UN will not define Lebanese, Israeli maritime border
Days after Israel’s discovery of a large gas field
U.N. will not delineate the Lebanese-Israeli maritime border after the Israeli recent discovery of a major gas well straddling their border, U.N. Spokesman Martin Nesirky on Tuesday confirmed a U.N. Interim Force in Lebanon (UNIFIL) statement.
Nesirky told the daily press briefing in answer to a question, that the U.N. position is "what UNIFIL said," adding that UNIFIL's mandate - among others to monitor the coastal waters in conformity with Security Council resolution 1701 - "does not include delineating maritime lines. We are talking about two different things: coastal waters and a disputed boundary".
The decision came after Lebanon's foreign minister on Tuesday asked the United Nations to curb Israel's offshore drilling plans, days after the discovery of the large gas field.

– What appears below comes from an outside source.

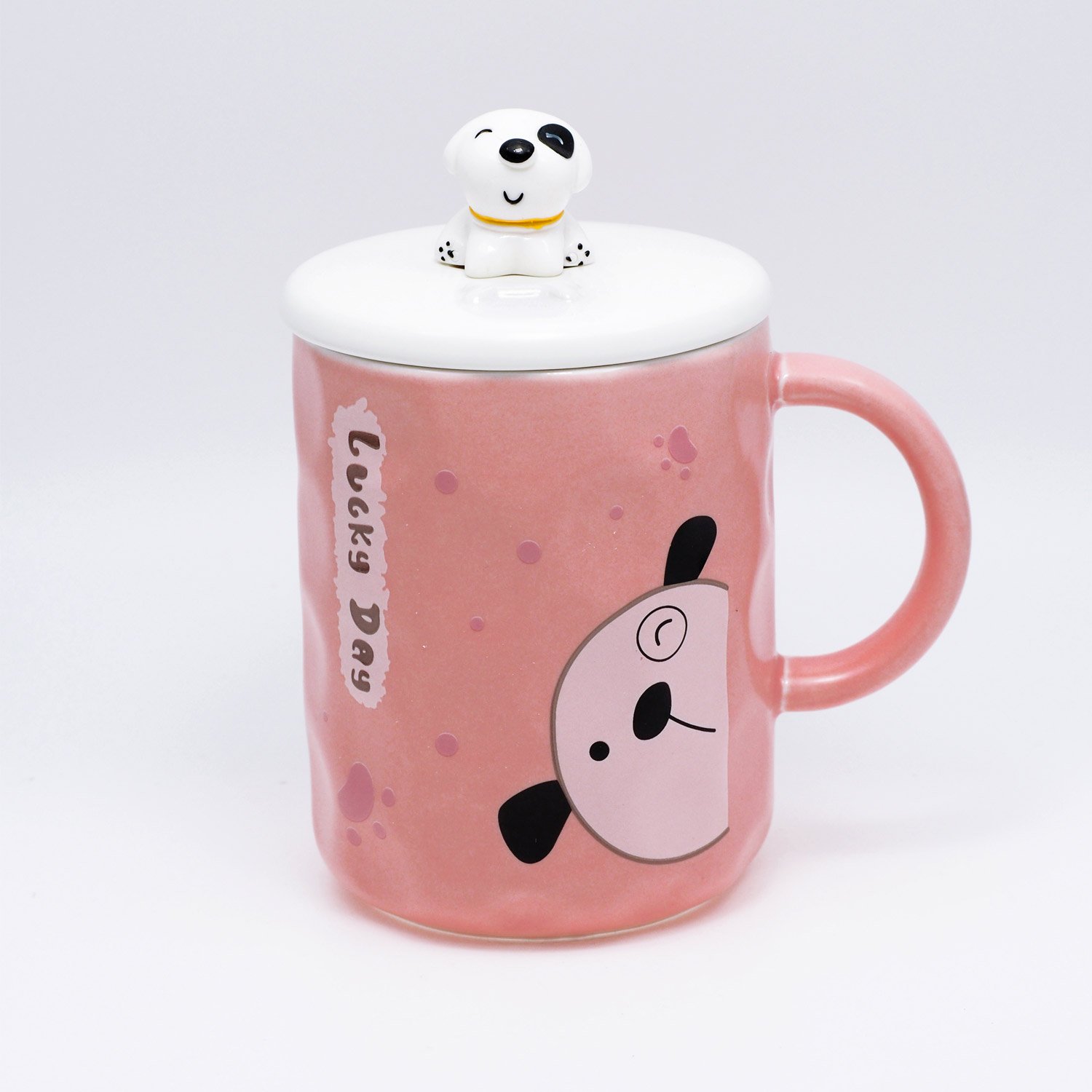 YOYA Ceramic mug with lid No. 9342 Type-2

"We request you do everything possible to ensure Israel does not exploit Lebanon's hydrocarbon resources, which fall within Lebanon's economic zone as delineated in the maps the foreign ministry submitted to the United Nations in 2010," Foreign Minister Ali Shami said in a letter addressed to U.N. Secretary General Ban Ki-moon.

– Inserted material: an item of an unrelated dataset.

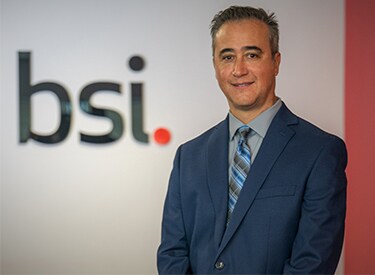 Xavier Alcaraz, director nacional de prácticas de BSI, seguridad y salud, EH3S Consulting, BSI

"Any exploitation by Israel of this resource is a flagrant violation of international law and an attack on Lebanese sovereignty," read the letter, which was carried by the state-run National News Agency.
U.S. firm Noble Energy announced last week that the Leviathan gas field, offshore from Israel, holds an estimated 450 billion cubic meters (16 trillion cubic feet) of natural gas.

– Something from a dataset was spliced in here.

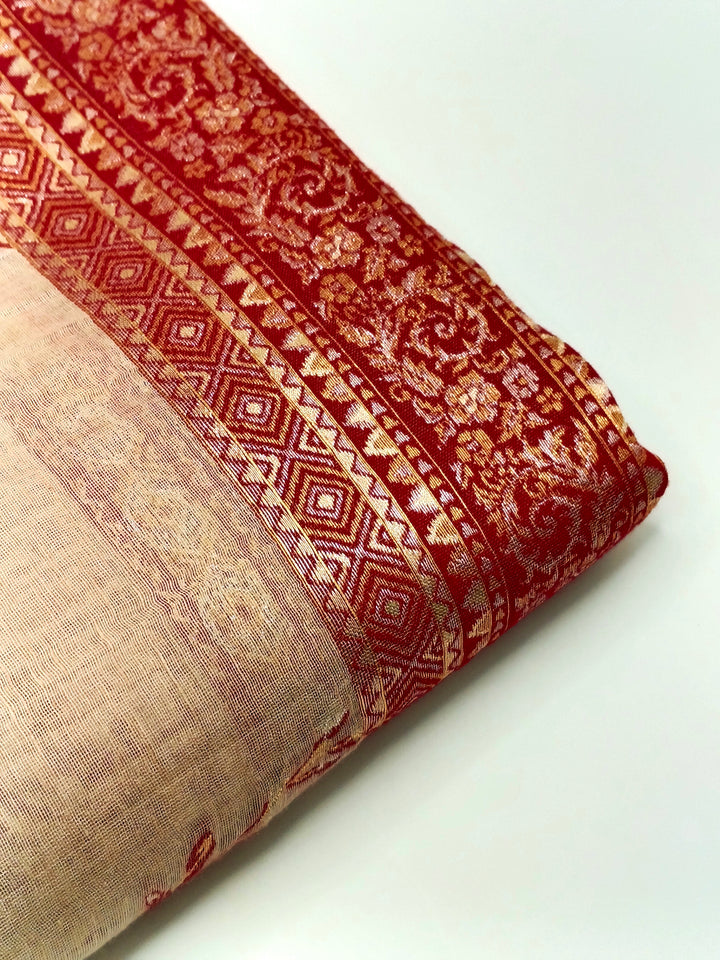 Premium Quality Light Weight kani Silk Shawl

The discovery, which surpasses the Tamar field discovered off the northern port of Haifa, has positioned the Jewish state as an exporter, Noble Energy said.
News of the offshore fields, which surfaced in 2010, has increased tensions between the two neighboring countries which do not have formal maritime borders and sparked an angry exchange of warnings between the two states.
Lebanon's Energy Minister Gebran Bassil has said his country plans to outline its maritime sea borders and auction off rights to explore potential offshore natural gas and petrol reserves in 2012.